### STORED DATA
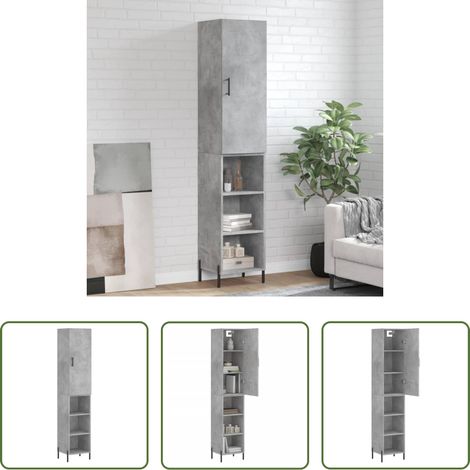 Holzwerkstoff - Highboard Betongrau 34,5x34x180 cm Holzwerkstoff (1/5)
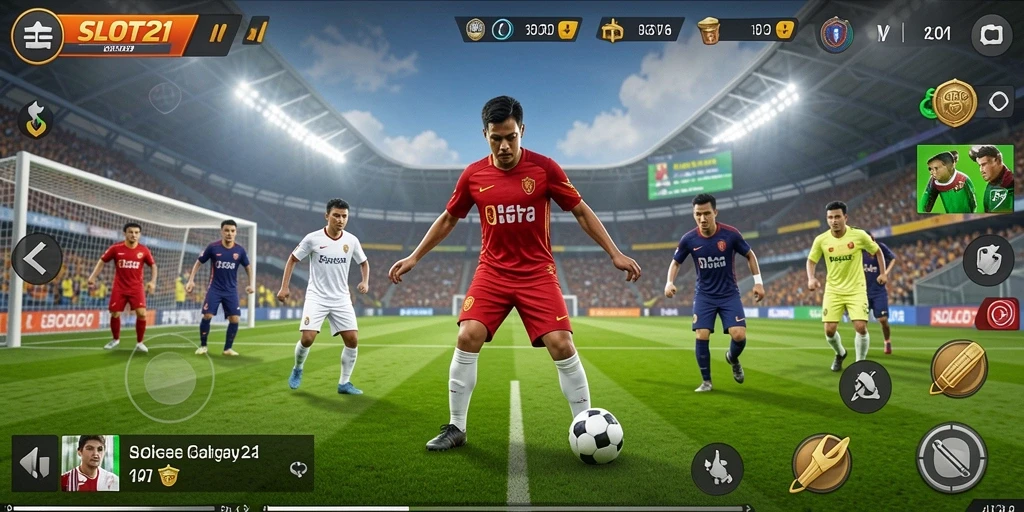 Tampilan screenshot SLOT21 menampilkan aksi seru dalam pertandingan olahraga.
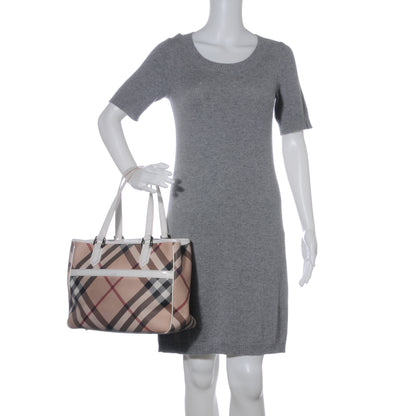Burberry Nova Check Tote White 2 of 9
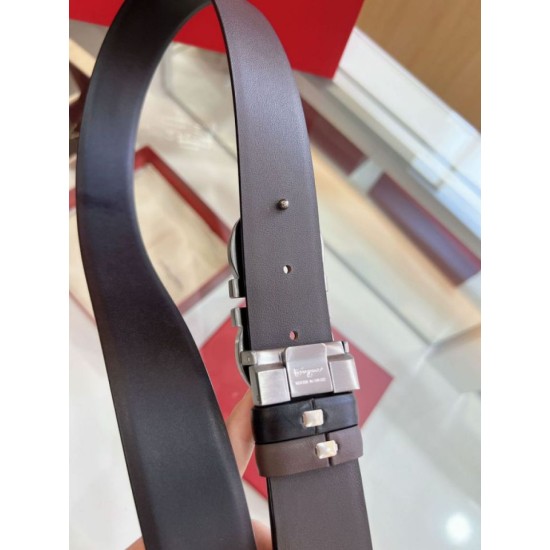 Top Replica Salvatore Ferragamo Men's 3.5 cm Reversible Belt with Double-Ring Horseshoe Buckle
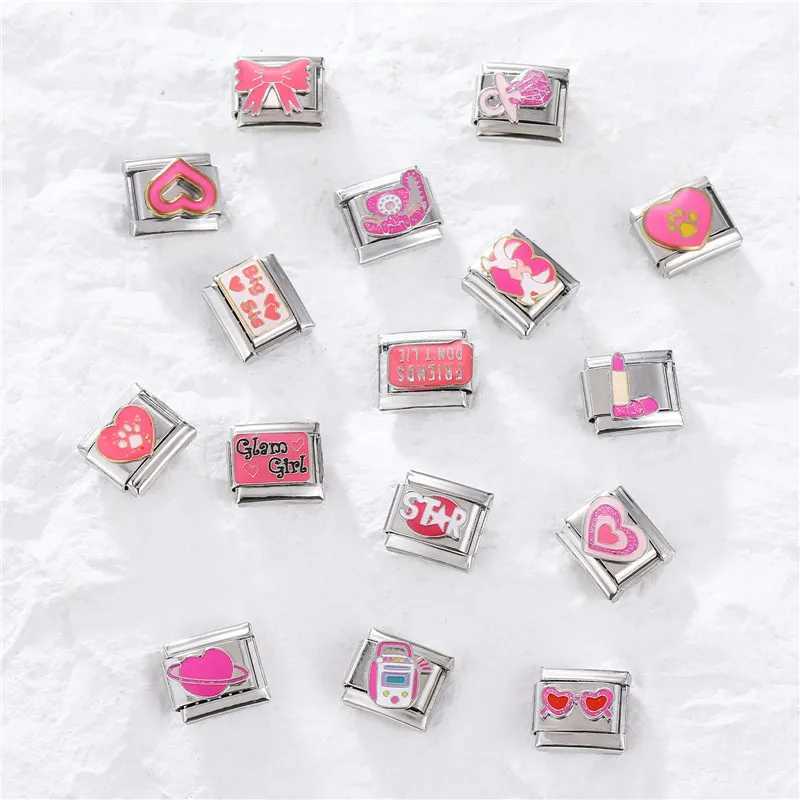 Sweet Rose Pink Color Glam Girl Love Bow Italian Charm Links Fit 9mm Bracelet Stainless Steel Diy Making Jewelry Women Gifts W250121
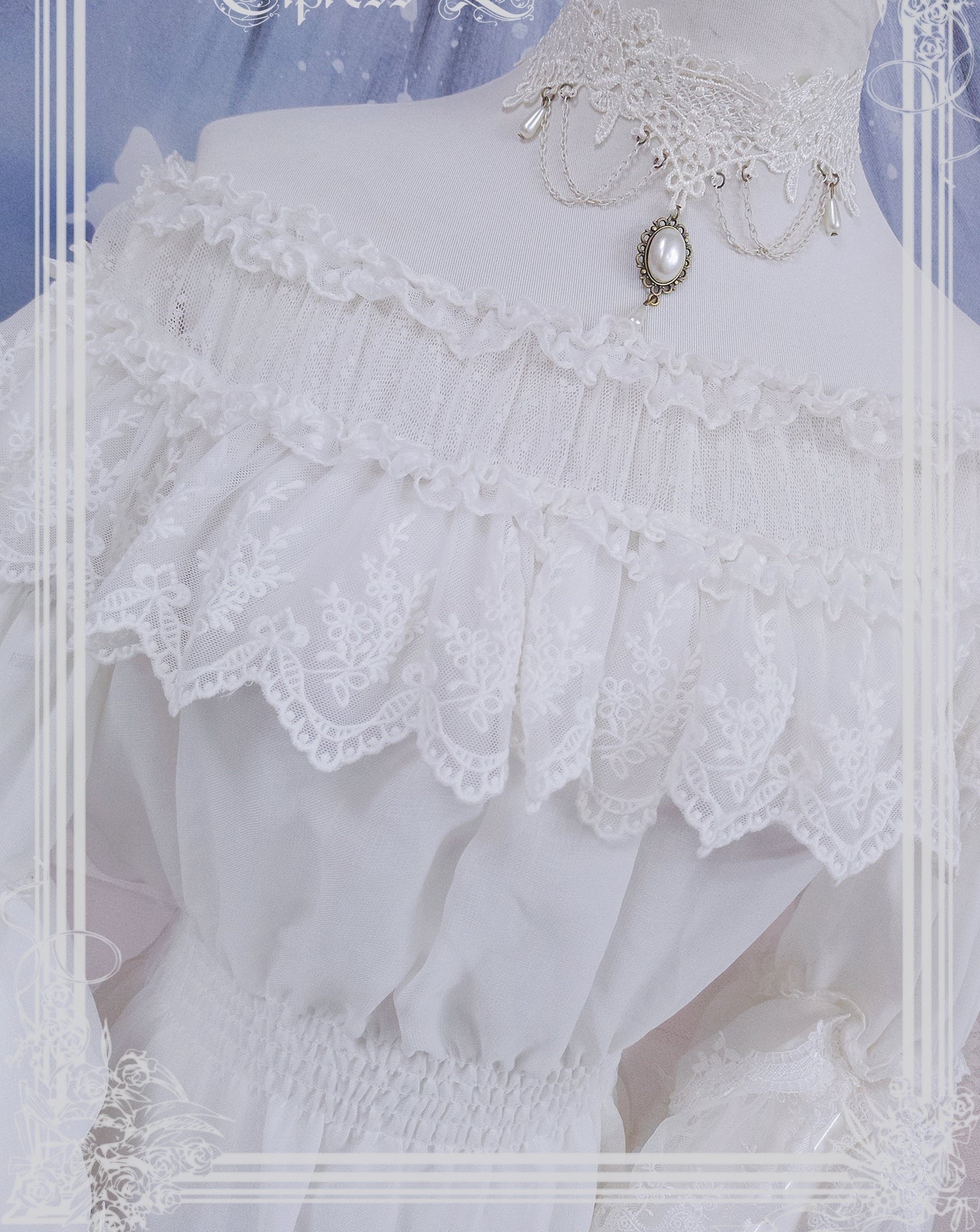 シフォンレースの姫袖プリンセスブラウス【合わせ買い＆クーポン入力で20%off】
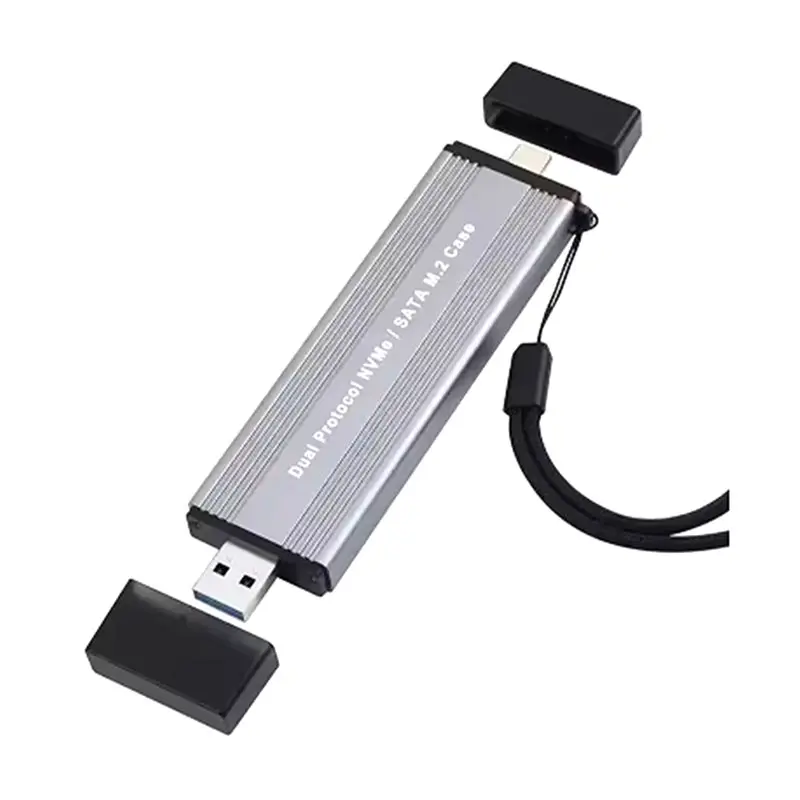 

AA84 M. 2 Корпус Nvme NGFF SATA Двухрежимный SSD-адаптер Интерфейс 10 Гбит/с Протокол внешнего жесткого диска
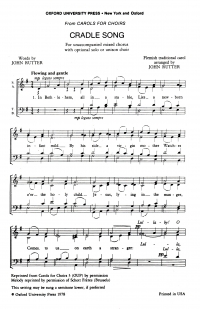 Cradle Song Rutter Satb Sheet Music Songbook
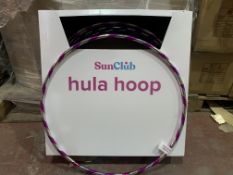 36 X NEW SUNCLUB HULA HOOPS IN ASSORTED COLOURS (ROW5)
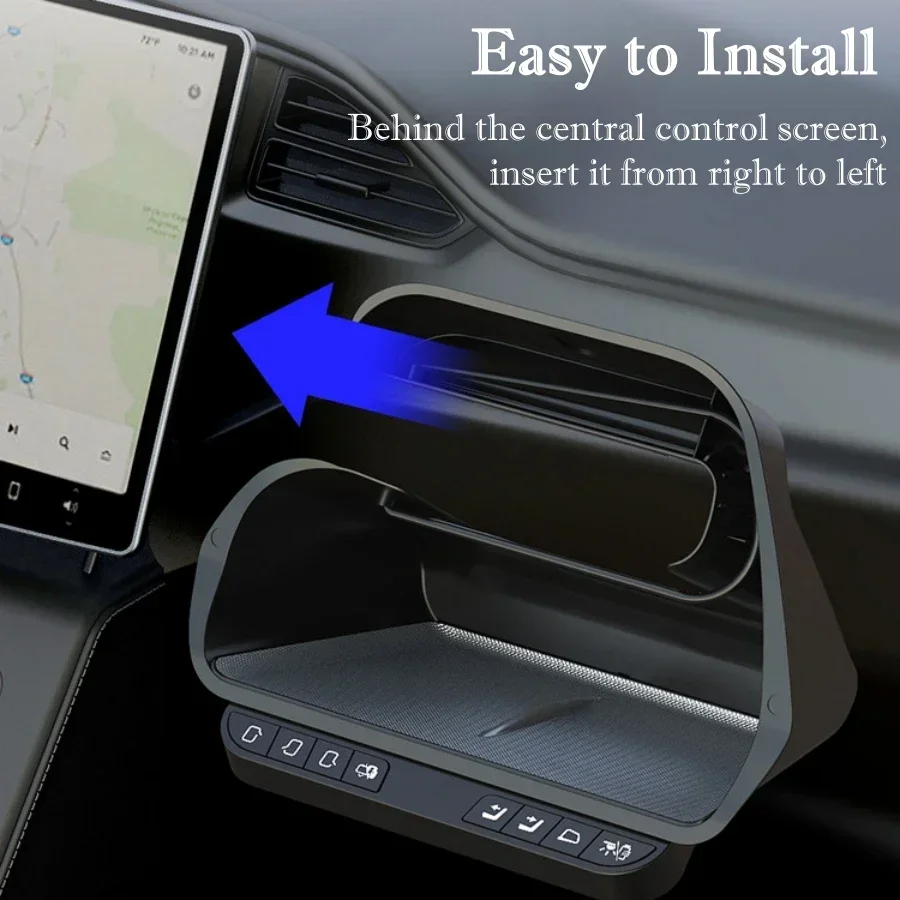 For Model 3 Y 2024 Highland Center Screen Shelf wireless connection Smart Button Storage Dashboard Organizer Tissue Holder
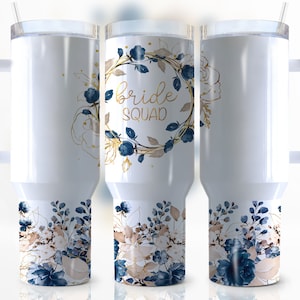 40oz Bride Squad Skull Quencher Tumbler Wrap, Boho Floral, Flor morada, Boda, Novia, Flores, Envoltura, Sublimación, Sin costura, Diseño de vaso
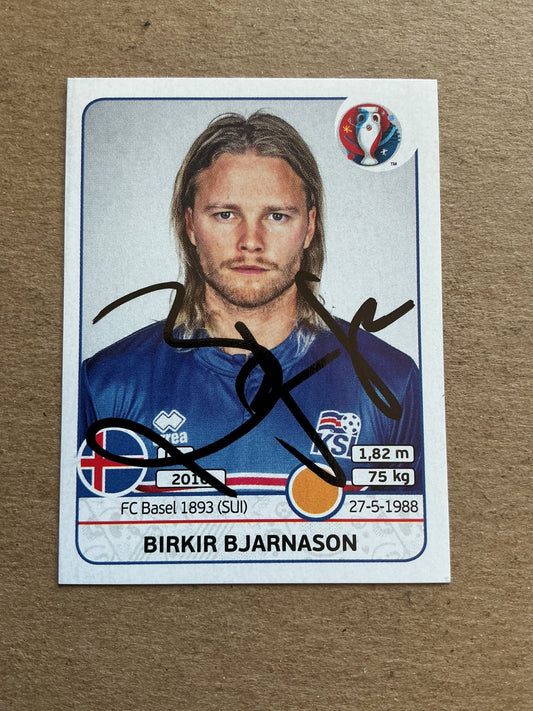 Birkir Bjarnason, Iceland 🇮🇸 UEFA Euro 2016 Panini hand signed - Autographs-World
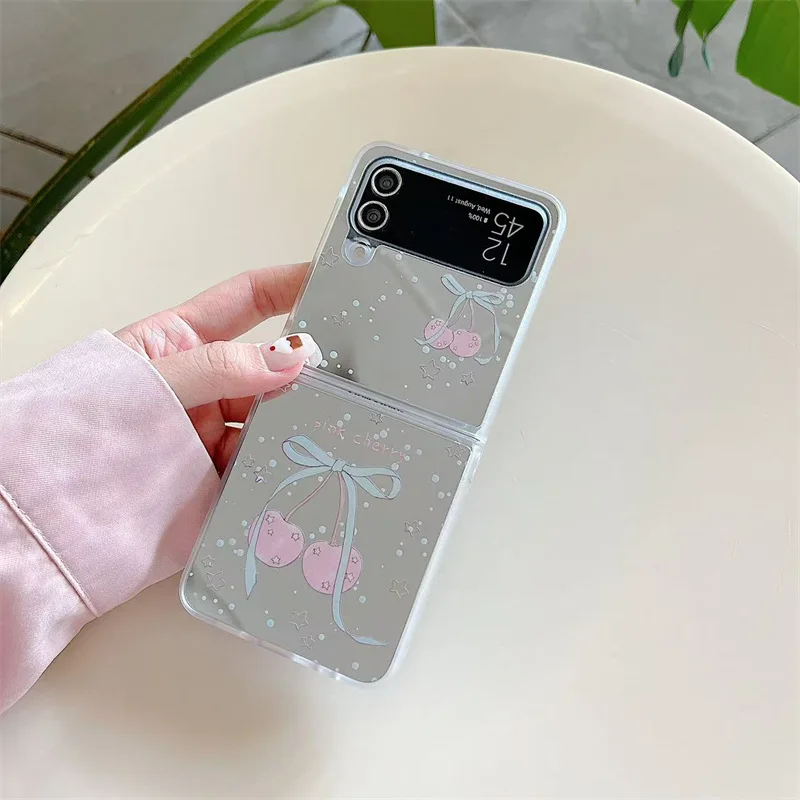 Niedlicher Kirschspiegel für Samsung Galaxy Z Flip 7 6 5 4 Schutzhülle für ZFlip5 ZFlip6 ZFlip7 Hülle
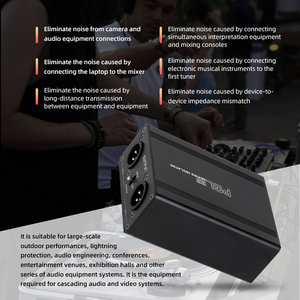 Aislador de audio de doble canal, salida de entrada de audio 6,35 XLR, mezclador de PC de ruido de sonido actual, micrófono, removedor de filtro de tierra común
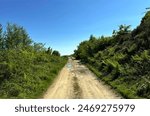 Hutch Bank Road winds through verdant greenery beneath a clear blue sky. Small puddles dot the uneven road, hinting at recent rainfall in Haslingden, UK.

### WHAT TO PRODUCE
From the line with "Aislador de audio" to the final line of the entries above, reproduce each line exactly and nothing else; the pictures stay out.

### RESPONSE
 Aislador de audio de doble canal, salida de entrada de audio 6,35 XLR, mezclador de PC de ruido de sonido actual, micrófono, removedor de filtro de tierra común
 Hutch Bank Road winds through verdant greenery beneath a clear blue sky. Small puddles dot the uneven road, hinting at recent rainfall in Haslingden, UK.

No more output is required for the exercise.